# Model PreTraining

<b>Purpose: </b> Through this script, we will provide the RLHF model a starting point of knowledge on the game via training on annotated gamplay

In [3]:
import os
import json
from PIL import Image
import torch
import torch.nn as nn
import torch.optim as optim
from torch.utils.data import Dataset, DataLoader
from torchvision import transforms
import mlflow
import mlflow.pytorch
import importlib_metadata
from google.cloud import storage
from dotenv import load_dotenv
from io import BytesIO

print("Packages imported!")

# Set the device
device = 'mps' if torch.backends.mps.is_available() else 'cuda' if torch.cuda.is_available() else 'cpu'
device = 'cpu'
print(f"Device: {device}")

# Load environment variables from .env file
load_dotenv()
gcs_credentials_path = os.getenv('GOOGLE_APPLICATION_CREDENTIALS')

# Initialize GCS Client
client = storage.Client()
print(f"GCS Client Initialized: {client}")


Packages imported!
Device: cpu




KeyboardInterrupt: 

In [2]:
# Action mapping from strings to integers
ACTION_MAPPING = {
    "a": 0,
    "b": 1,
    "x": 2,
    "y": 3,
    "up": 4,
    "down": 5,
    "left": 6,
    "right": 7,
    "none": 8
}

### Creating the Data Loader

The dataloader is abnormal in the sense that each data point is actually a sequence of several. <br>
This is done to enable memory, vital for a storyline game like this.

In [None]:
class PokemonDatasetGCS(Dataset):
    def __init__(self, bucket_name, states_prefix, actions_prefix, annotations_prefix, seq_length, transform=None):
        self.bucket = client.bucket(bucket_name)               # GCS bucket
        self.states_prefix = states_prefix                     # Prefix for states (images) in GCS
        self.actions_prefix = actions_prefix                   # Prefix for actions (JSONs) in GCS
        self.annotations_prefix = annotations_prefix           # Prefix for annotations (texts) in GCS
        self.transform = transform                             # Any image transformations
        
        # Fetch the list of blobs (files) in each folder
        self.states = sorted([blob.name for blob in self.bucket.list_blobs(prefix=states_prefix) if blob.name.endswith('.jpg')])
        self.actions = sorted([blob.name for blob in self.bucket.list_blobs(prefix=actions_prefix) if blob.name.endswith('.json')])
        self.annotations = sorted([blob.name for blob in self.bucket.list_blobs(prefix=annotations_prefix) if blob.name.endswith('.txt')])
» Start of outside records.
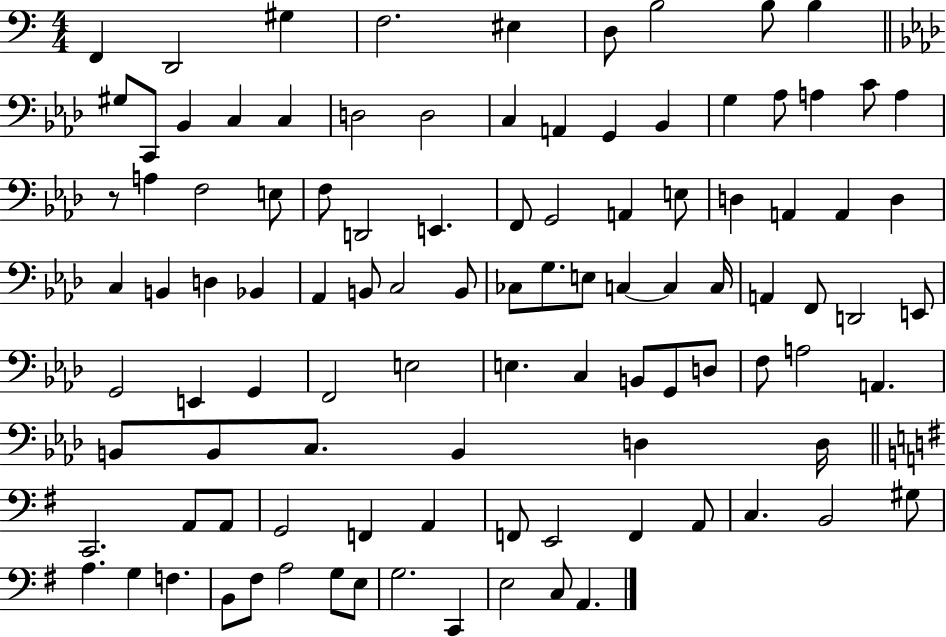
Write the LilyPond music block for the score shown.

{
  \clef bass
  \numericTimeSignature
  \time 4/4
  \key c \major
  f,4 d,2 gis4 | f2. eis4 | d8 b2 b8 b4 | \bar "||" \break \key f \minor gis8 c,8 bes,4 c4 c4 | d2 d2 | c4 a,4 g,4 bes,4 | g4 aes8 a4 c'8 a4 | \break r8 a4 f2 e8 | f8 d,2 e,4. | f,8 g,2 a,4 e8 | d4 a,4 a,4 d4 | \break c4 b,4 d4 bes,4 | aes,4 b,8 c2 b,8 | ces8 g8. e8 c4~~ c4 c16 | a,4 f,8 d,2 e,8 | \break g,2 e,4 g,4 | f,2 e2 | e4. c4 b,8 g,8 d8 | f8 a2 a,4. | \break b,8 b,8 c8. b,4 d4 d16 | \bar "||" \break \key g \major c,2. a,8 a,8 | g,2 f,4 a,4 | f,8 e,2 f,4 a,8 | c4. b,2 gis8 | \break a4. g4 f4. | b,8 fis8 a2 g8 e8 | g2. c,4 | e2 c8 a,4. | \break \bar "|."
}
        self.seq_length = seq_length                           # Desired sequence length
    
    def __len__(self):
        return len(self.states) - self.seq_length
    
    def __getitem__(self, idx):
        state_seq = []
        action_seq = []
        annotation_seq = []

        # Loop to obtain seq_length states, actions, and annotations
        for i in range(self.seq_length):
            # Load image from GCS
            state_blob = self.bucket.blob(self.states[idx + i])
            image_data = state_blob.download_as_bytes()  # Download the image as bytes
            
            # Wrap the byte data with BytesIO to create a file-like object
            image = Image.open(BytesIO(image_data)).convert('RGB')  # Ensure image is in RGB format
            
            if self.transform:
                image = self.transform(image)
            state_seq.append(image)

            # Load action JSON from GCS
            action_blob = self.bucket.blob(self.actions[idx + i])
            try:
                action_data = json.loads(action_blob.download_as_text())
                action = action_data.get('action', None)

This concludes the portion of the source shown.